“My uncle used to come up here and party,” the man said to me as we headed to the Cotton Club in New York. He and I were among a group of people who had come to the city to see a show on Broadway and were having lunch in Harlem.
The Cotton Club was located in the next block just beyond the restaurant. I had seen the sign on a trip here before, but my brain just didn’t connect this Cotton Club with the famed Harlem nightspot of the 1920s and 1930s. I assumed it was just some club that had snagged the name.
We weren’t in the “heart” of Harlem where the club had originated. We were at 125th Street near 12th Avenue and Riverside Drive. It just didn’t register.
Until Bobby said, yes, it was the same club. So I took him to explore. The entrance was a small door that opened into a dark space, with a big man sitting at a table that nearly blocked the entrance. His eyes were fixed on a computer, and he didn’t seem too welcoming. But when I asked if we could come in and look around, he was obliging.
The room was tight, with rows of red-clothed tables from back to front, ending in a small stage with keyboards, drums and speakers. We got there just before noon on a Saturday, and waiters were setting up the place for lunch. To the right were a slightly raised area and a small balcony with more tables. Near the door, a spiral staircase led downstairs and upstairs, and the floor bore silver and black Cotton Club logos.
Bobby and I walked around, but I still couldn’t get over the cramped size. It didn’t seem like the place I had read about and seen in the movie “The Cotton Club.” It certainly felt ancient, like an old singer that had become a relic of its former self, still hanging on, still proud, and still here. Though this was the Cotton Club in name only, the club and its history still awed me.
On the walls were old framed black and white photos of African American musicians and singers whose performances drew flocks of people back then to the club: Duke Ellington, Billie Holiday, Cab Calloway.
As Bobby and I stared into the photos, he repeated that his uncle would come up from Philadelphia to party at the Cotton Club. But I still didn’t get it until I had left the club and returned with two other friends. One wondered if the wood floor was the original one where people danced. Then I realized that there wasn’t enough room in this tiny space for dancing girls, loads of tables and hordes of people.
This was not the “original” Cotton Club. If it were, Bobby’s uncle would never have been allowed to walk through the front door. The original did not allow black people to come in to enjoy the shows. They could perform and they could dance, but they could not sit down at a table and order food. So, his uncle could only have arrived sometime later when the rules had been tossed.
The Cotton Club, I learned by Googling, moved to this location in 1978 (the man behind the computer confirmed it), its second since it first opened in 1920. The original was located at 142nd Street and Lenox Avenue farther east. This club was west side, near the river that separates the city from New Jersey.

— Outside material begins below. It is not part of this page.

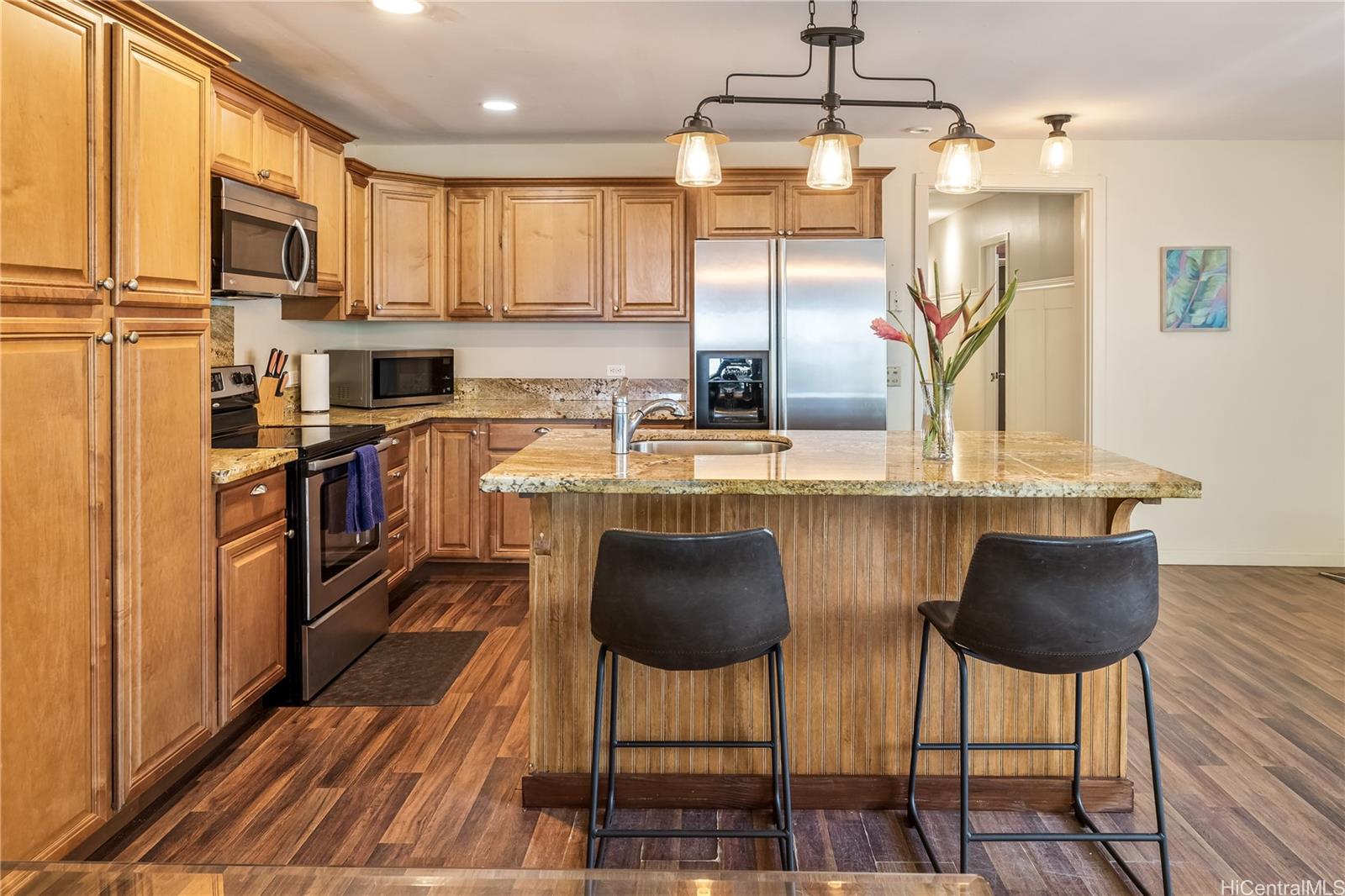 59-565  Ke Iki Road Sunset Area, North Shore home - photo 11 of 21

The original club was Harlem’s most popular nightspot in the 1920s and 1930s, offering booze, food and top entertainment (Count Basie, Bessie Smith, Cab Calloway, Billie Holiday, Dizzy Gillespie, Nicholas Brothers, Ivie Anderson, Ethel Waters and the Nicholas Brothers). Boxer Jack Johnson opened it as the Club Deluxe, and its name was changed to the Cotton Club (its theme was plantation life with a jungle motif) after Owney Maddox took it over two years later. Its white patrons were offered dancers, singers and comedians, along with black waiters to serve them.
White patrons could also dance to the house band, which included Duke Ellington and his orchestra from 1927 to 1931. They built their reputation there partly through nationwide radio broadcasts of their performances. The Duke was followed by Cab Calloway and his band. Race riots in Harlem on 125th Street in 1935 forced the club to close at that location (whites were afraid to return) a year later, and it reopened at 48th Street and Broadway where it remained until 1940.
The club’s chorus line was just as celebrated, but not just anyone could get into it. The African American women had to be light skinned, 5 feet 6 inches tall and not over 20 years old. Lena Horne was one of them, joining the chorus in 1933 at the age of 16.
Today, the club still offers a Sophisticated Ladies chorus line (minus the stringent requirements, I’m sure), an Allstars swing and jazz band, tap dancing, a gospel show and more. And you can still dance on wood on the first and second floors.